CORRECTIV hat exemplarisch die Spenderlisten am Amtsgericht Baden-Baden, dem Arbeitsort des suspendierten Richters, angefragt und erhalten. Somit wird zum ersten Mal für ein Gericht in Baden-Württemberg der Geldfluss transparent. Den gleichen Weg gehen aktuell Lokalreporterinnen aus dem Netzwerk CORRECTIV.Lokal, die ihre Gerichte vor Ort anfragen.

Die Listen der Geldauflagen am Amtsgericht Baden-Baden zeigen: Offenbar werden erst seit dem Jahr 2020 die genauen Empfänger ausgewertet. Seitdem die Namen bekannt gemacht werden, profitieren weniger Einrichtungen.

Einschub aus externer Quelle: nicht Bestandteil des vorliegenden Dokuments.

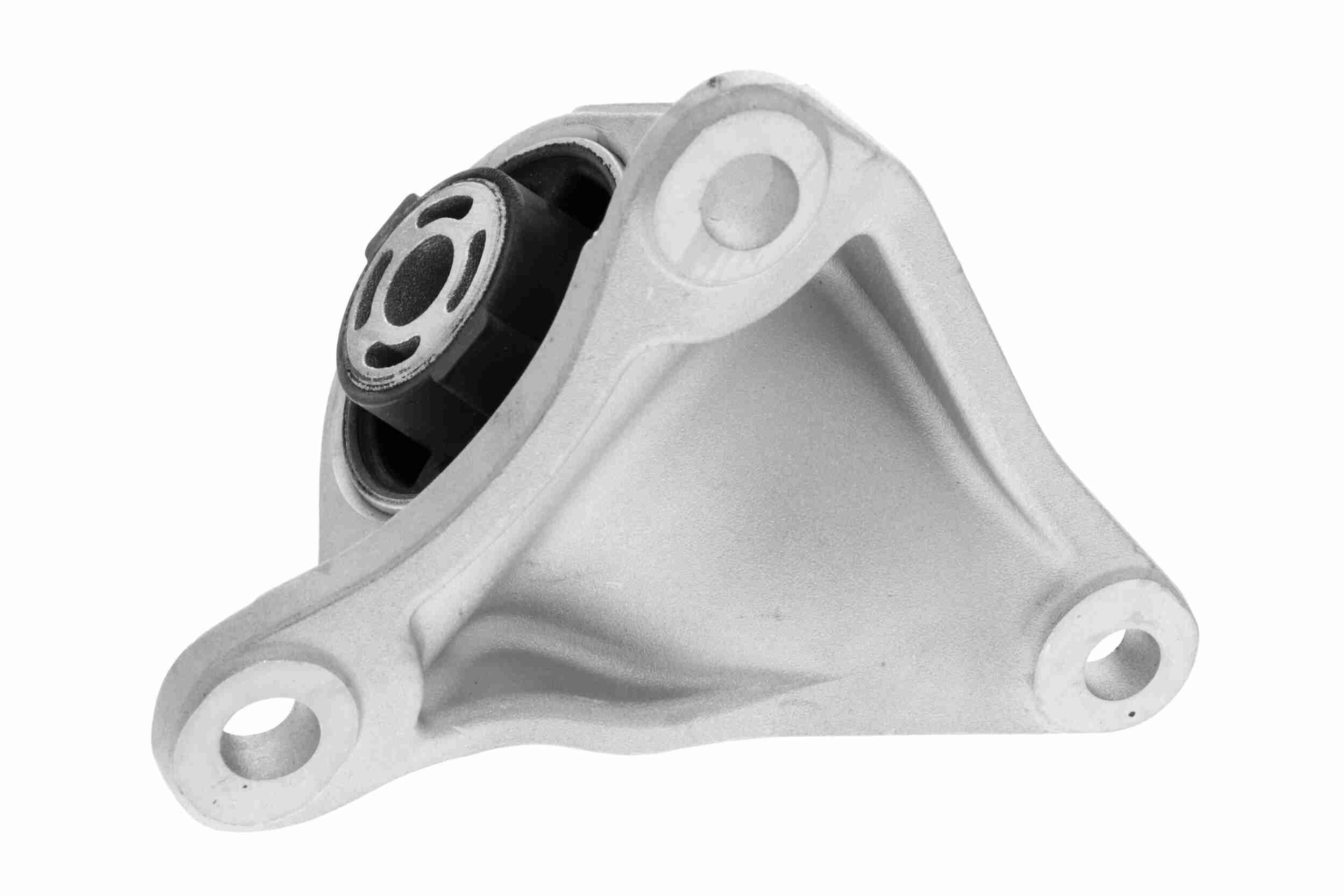 Vaico Motorsteun V58-0029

„Es erfolgte erst ab dem Jahr 2020 eine einheitliche Vorgehensweise in der statistischen Erfassung der Einzelempfänger“, sagt Richterin Annette Zeller, ​​Vorsitzende Richterin am Landgericht Baden-Baden. Zuvor sei nur eine statistische Erfassung nach Empfängergruppen erfolgt. „Hiervon unabhängig wurde in den Jahren 2018 und 2019 teilweise bereits damit begonnen, auch die einzelnen Empfänger zu erfassen.“

Im vergangenen Jahr profitieren am meisten der Opferschutz und der Verein aktionkinderschutz aus Karlsruhe und der Baden-Württembergische Luftfahrtverband. Die folgende Tabelle zeigt alle Profiteure.


Die Geldflüsse aus dem Amtsgericht Baden-Baden sind nun auch in der Spendengerichte-Datenbank von CORRECTIV enthalten. Darin ist sichtbar, wie die deutsche Justiz insgesamt mehr als 1,2 Milliarden Euro verteilte.